== Given data
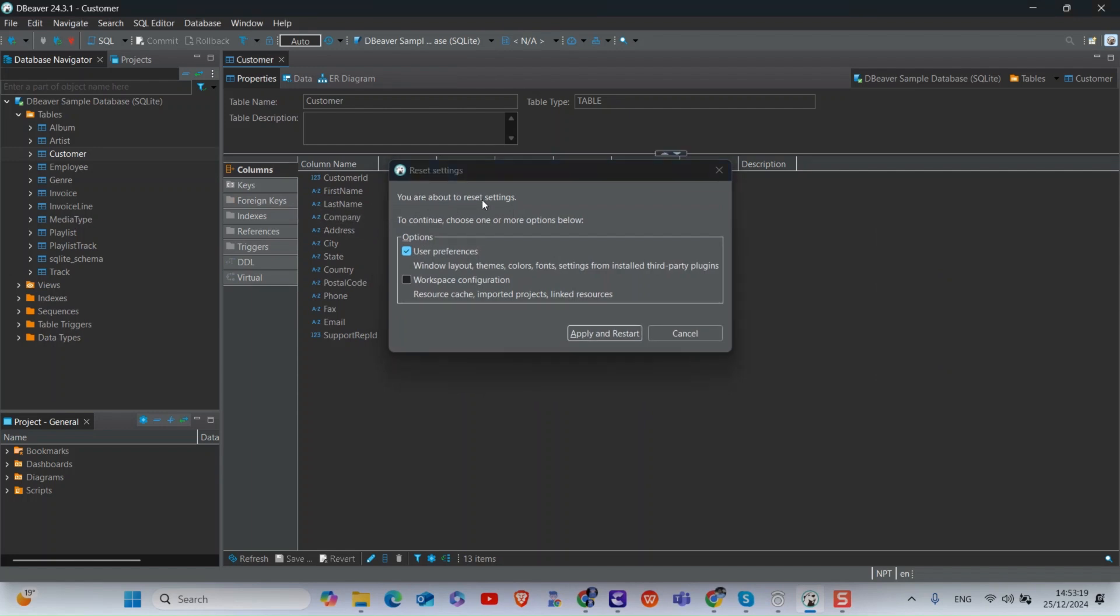A dialog will appear asking you to confirm the reset. If you do not want to reset user settings like layout, then uncheck the first option. If you do not want to reset imported projects or resource cache, uncheck the second option.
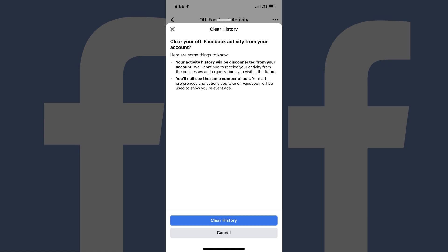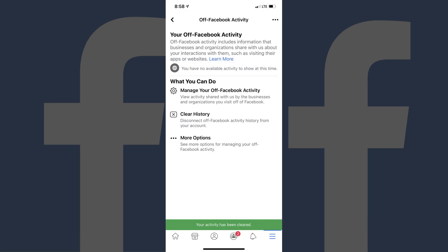Step 6. Tap Clear History. You'll be returned to the Off-Facebook Activity screen, where a message will appear in a green banner on the screen notifying you that your Facebook activity has successfully been cleared.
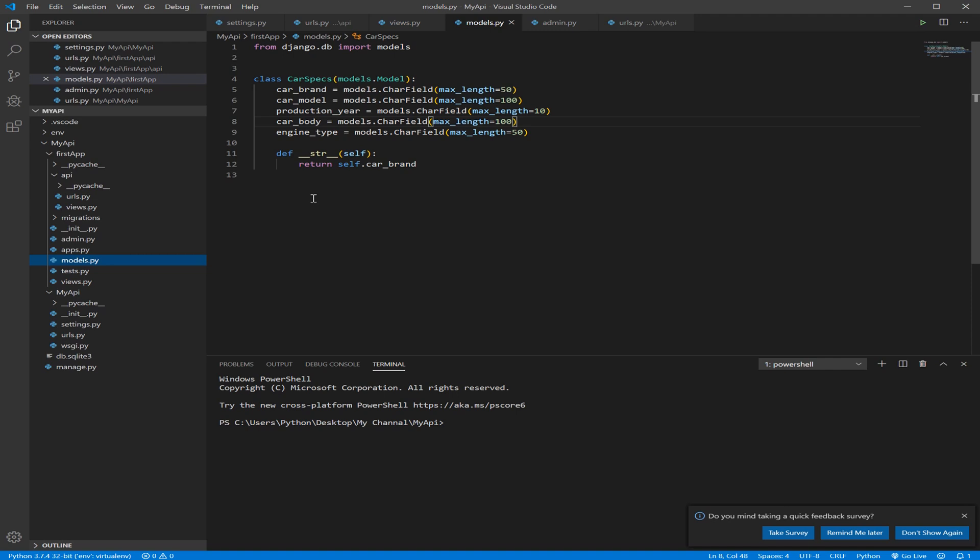So how to implement that? Well, it's pretty easy because we need to work with something called Model Serializer, because we already created a model which presented our data.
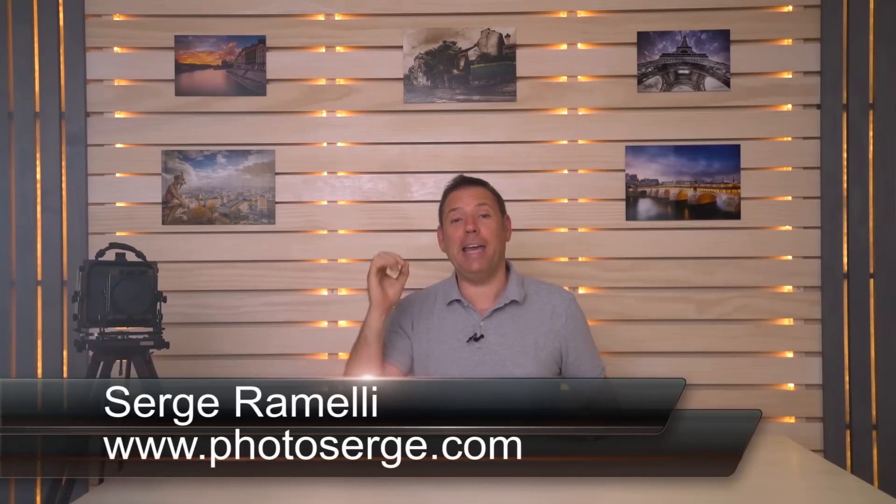Bonjour, mesdames et messieurs. My name is Serge Raméli. I am a French photographer from the beautiful city of Paris, living in Los Angeles, California. And I make two tutorials per week, or at least I try to, every Tuesday and every Friday.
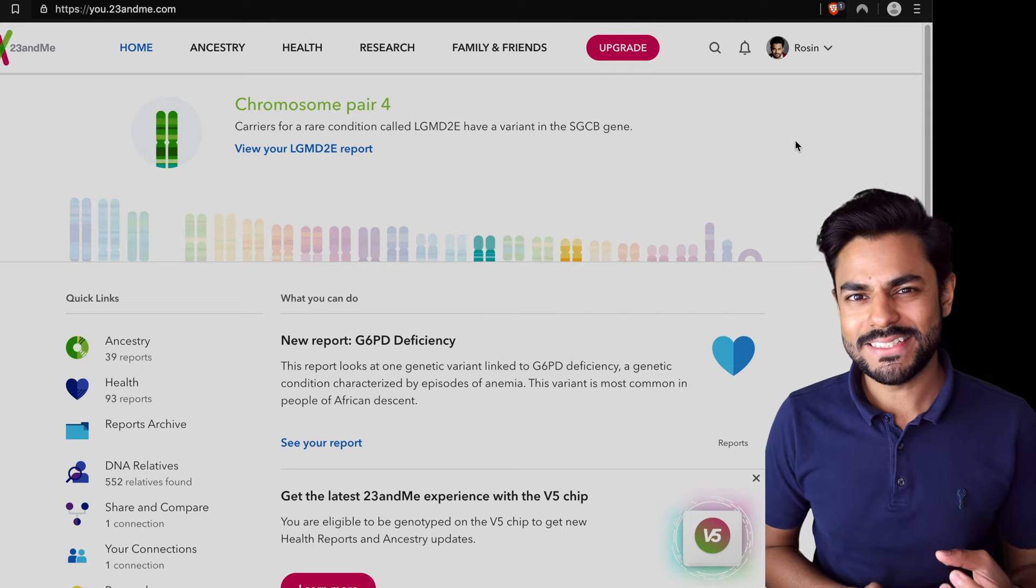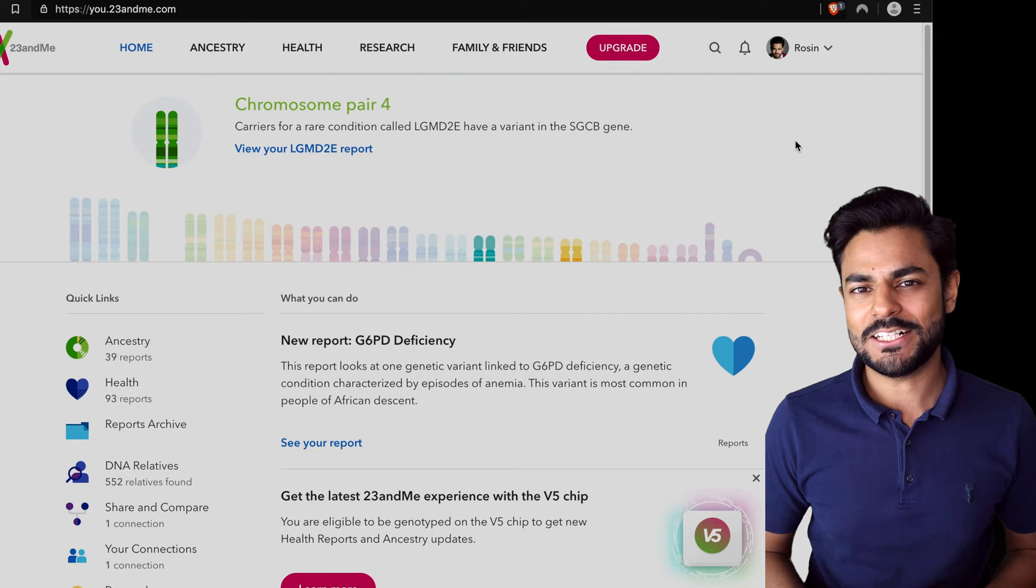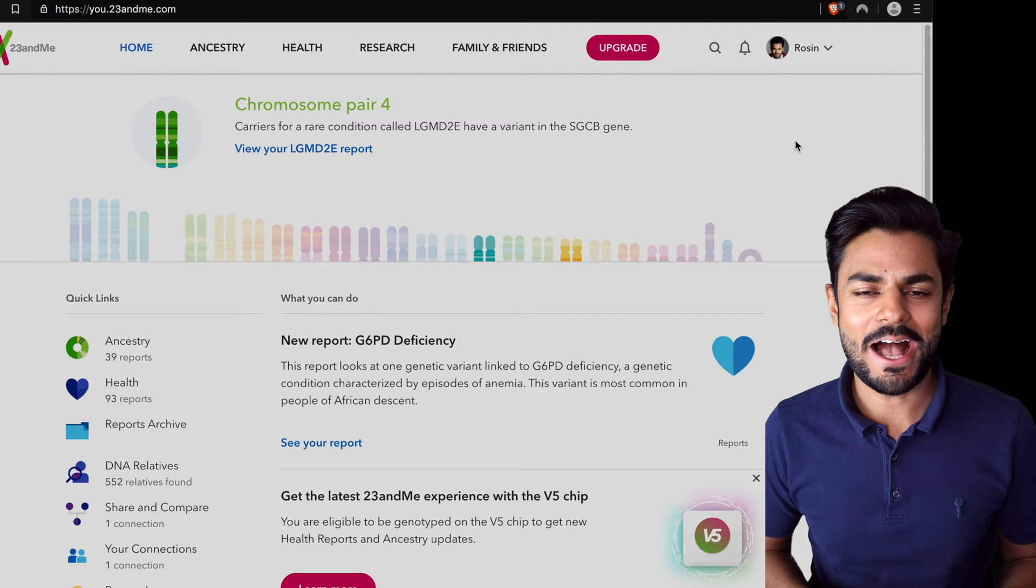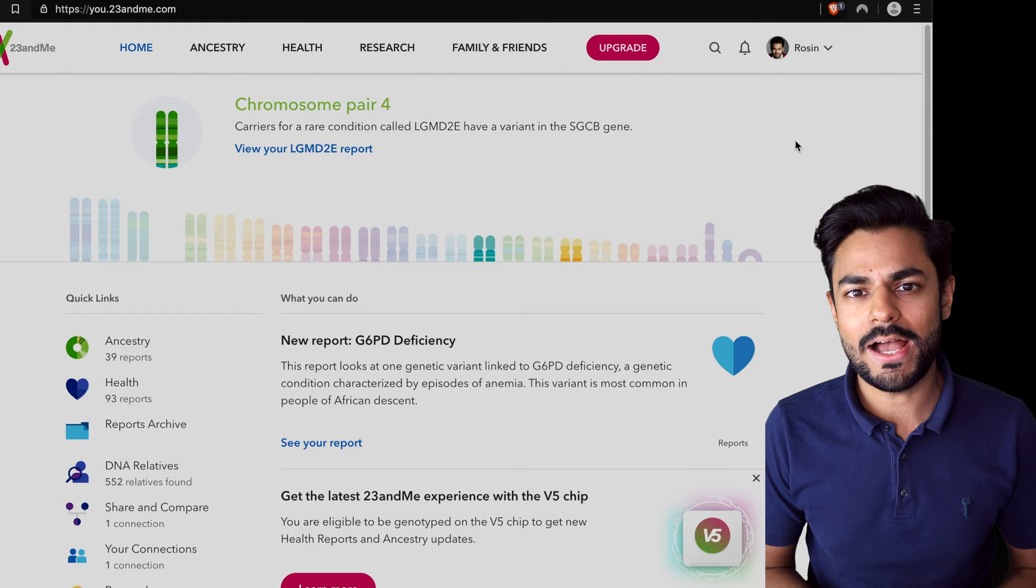You may have already seen a couple of my previous episodes on 23andMe, and you may have noticed that I actually haven't gone through my complete result breakdown. For some reason it feels like this is probably how you end up getting hacked. Not everyone is comfortable sharing this information, which is exactly why I want to share it with the world.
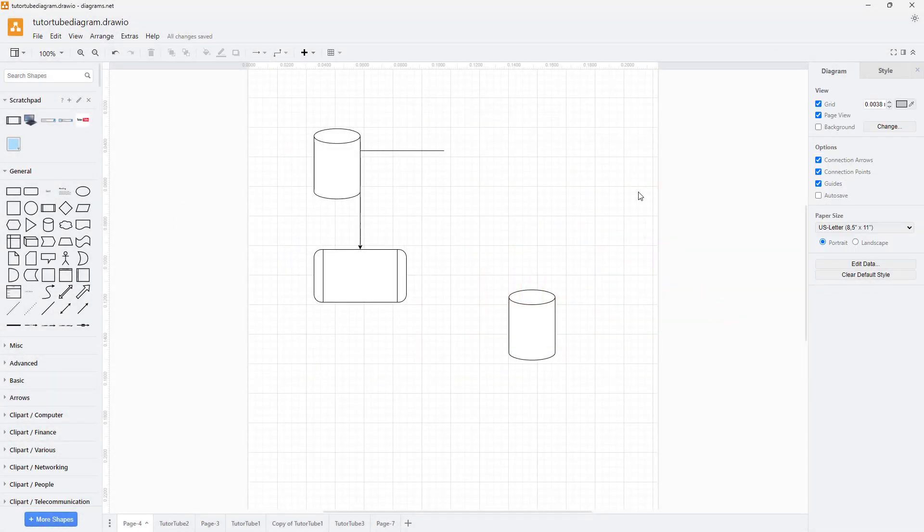By default, the language that you get in Diagrams.net is English. If you want to change that language of the interface...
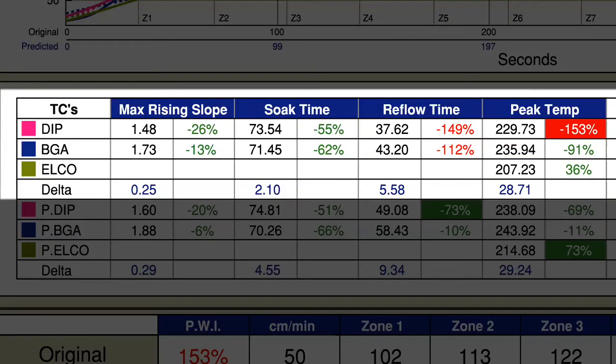My current profile was successful in maintaining my ELKO spec, but now my reflow and peak temperatures for my standard components are out of spec. Striking a balance between the unique needs of the ELKO with the remainder of your components can be a daunting task of trial and error, especially considering the large deltas between these components' peak temperature specs.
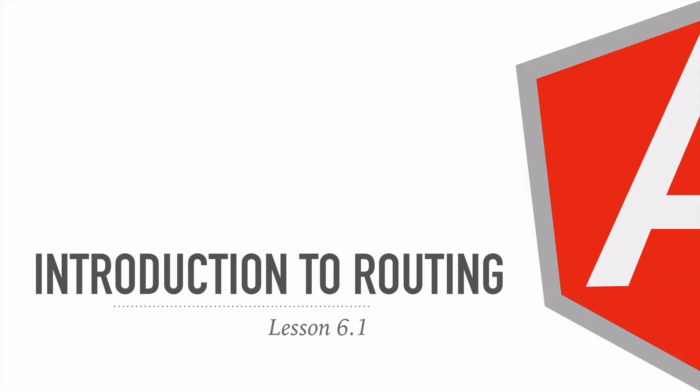Hello there and welcome back to this Angular course. In this lesson we're going to be having a look at the introduction to routing.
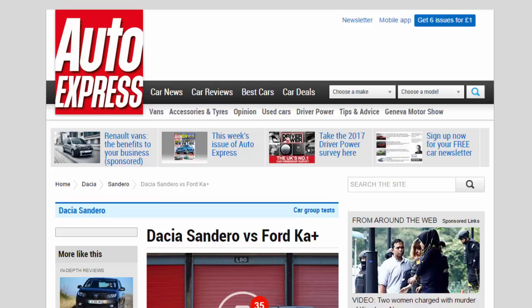Dacia Sandero vs Ford Ka Plus. Dacia has updated its budget Sandero, and it faces a strong new five-door rival in the shape of the Ford Ka Plus.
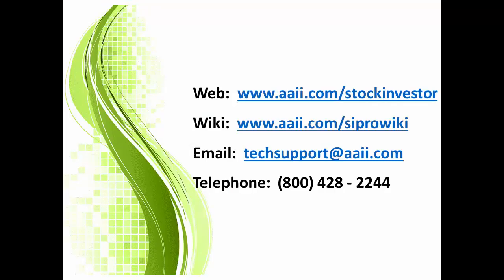If you have any questions about this video or anything related to Stock Investor Pro, you can contact us via email at techsupport at AAII.com. Thank you.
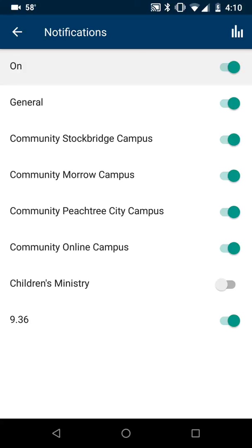The general notifications we'll start using more pretty soon. But right now we're using 936 to remind you to pray each day. So just flip that on — just touch it and flip that on — and you'll start receiving those notifications.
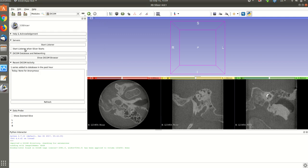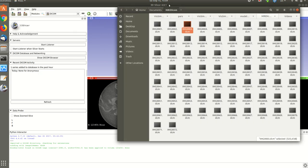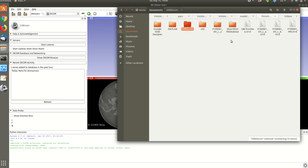And if I go now to my documents, I can see that the NRRD that I just created is already there.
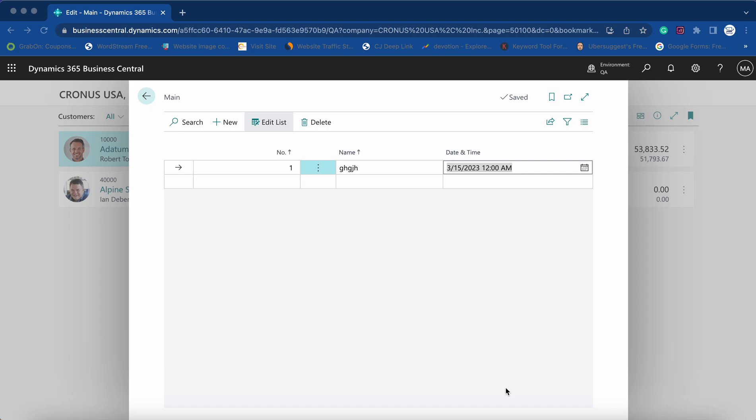Welcome to my channel GoDigit. Today in this video we will learn about one trick which is related to the date and time field.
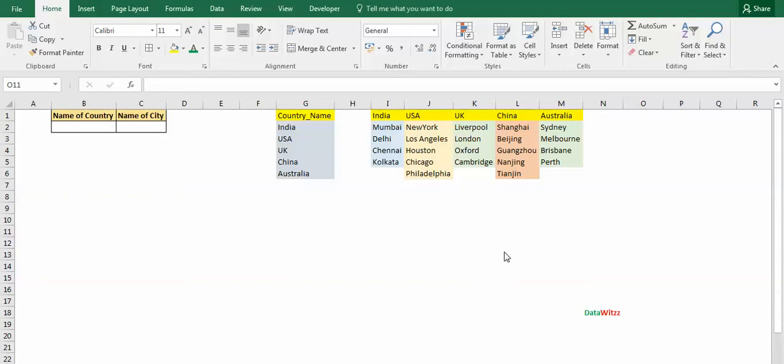Welcome to database. In this video we will learn about dependent data validation. What's dependent data validation? Let us suppose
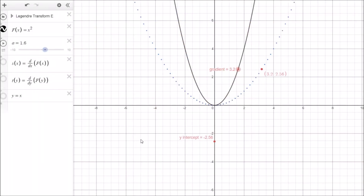That concludes our intuitive and mathematical look at the Legendre transform. Next we'll see where it's used in classical mechanics. The key takeaway: given f(x) = x², find the gradient at a point — that gradient becomes the new independent variable, and the value of the Legendre transform function is the y-intercept of the tangent line at that point. Thank you for listening — see you in the next video.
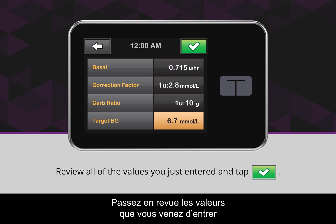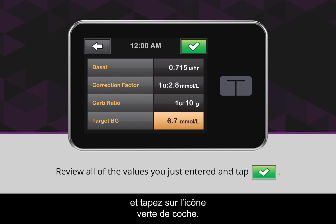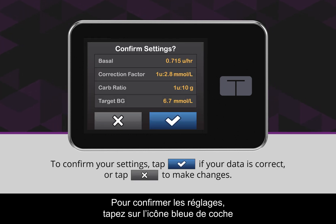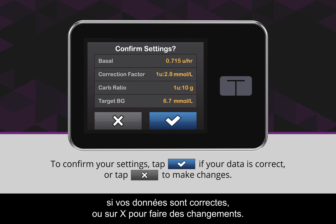Review all of the values you just entered and tap the green checkmark icon. To confirm your settings, tap the blue checkmark icon if your data is correct, or tap the X icon to make changes.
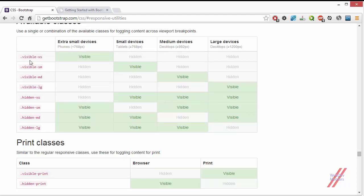The normal responsive classes are available for both visible and hidden — that is show and hide — for all device sizes: extra small, small, medium, and large. The visible class makes content visible on that particular device size only, while the hidden class makes content hidden on that particular device size only. So hidden shows your content on all other device sizes except the one you specify.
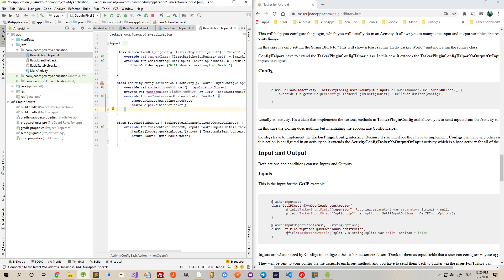If you really just want to run a basic action or event or state in Tasker, you can do it like this. Hope you enjoyed it. Bye!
====
Print every entry verbatim and leave all pictures out.

__Output below__:
A dialog will appear asking you to confirm the reset. If you do not want to reset user settings like layout, then uncheck the first option. If you do not want to reset imported projects or resource cache, uncheck the second option.
Step 6. Tap Clear History. You'll be returned to the Off-Facebook Activity screen, where a message will appear in a green banner on the screen notifying you that your Facebook activity has successfully been cleared.
So how to implement that? Well, it's pretty easy because we need to work with something called Model Serializer, because we already created a model which presented our data.
Bonjour, mesdames et messieurs. My name is Serge Raméli. I am a French photographer from the beautiful city of Paris, living in Los Angeles, California. And I make two tutorials per week, or at least I try to, every Tuesday and every Friday.
You may have already seen a couple of my previous episodes on 23andMe, and you may have noticed that I actually haven't gone through my complete result breakdown. For some reason it feels like this is probably how you end up getting hacked. Not everyone is comfortable sharing this information, which is exactly why I want to share it with the world.
By default, the language that you get in Diagrams.net is English. If you want to change that language of the interface...
My current profile was successful in maintaining my ELKO spec, but now my reflow and peak temperatures for my standard components are out of spec. Striking a balance between the unique needs of the ELKO with the remainder of your components can be a daunting task of trial and error, especially considering the large deltas between these components' peak temperature specs.
Hello there and welcome back to this Angular course. In this lesson we're going to be having a look at the introduction to routing.
Dacia Sandero vs Ford Ka Plus. Dacia has updated its budget Sandero, and it faces a strong new five-door rival in the shape of the Ford Ka Plus.
If you have any questions about this video or anything related to Stock Investor Pro, you can contact us via email at techsupport at AAII.com. Thank you.
The general notifications we'll start using more pretty soon. But right now we're using 936 to remind you to pray each day. So just flip that on — just touch it and flip that on — and you'll start receiving those notifications.
And if I go now to my documents, I can see that the NRRD that I just created is already there.
Welcome to my channel GoDigit. Today in this video we will learn about one trick which is related to the date and time field.
Welcome to database. In this video we will learn about dependent data validation. What's dependent data validation? Let us suppose
That concludes our intuitive and mathematical look at the Legendre transform. Next we'll see where it's used in classical mechanics. The key takeaway: given f(x) = x², find the gradient at a point — that gradient becomes the new independent variable, and the value of the Legendre transform function is the y-intercept of the tangent line at that point. Thank you for listening — see you in the next video.
Review all of the values you just entered and tap the green checkmark icon. To confirm your settings, tap the blue checkmark icon if your data is correct, or tap the X icon to make changes.
The normal responsive classes are available for both visible and hidden — that is show and hide — for all device sizes: extra small, small, medium, and large. The visible class makes content visible on that particular device size only, while the hidden class makes content hidden on that particular device size only. So hidden shows your content on all other device sizes except the one you specify.
If you really just want to run a basic action or event or state in Tasker, you can do it like this. Hope you enjoyed it. Bye!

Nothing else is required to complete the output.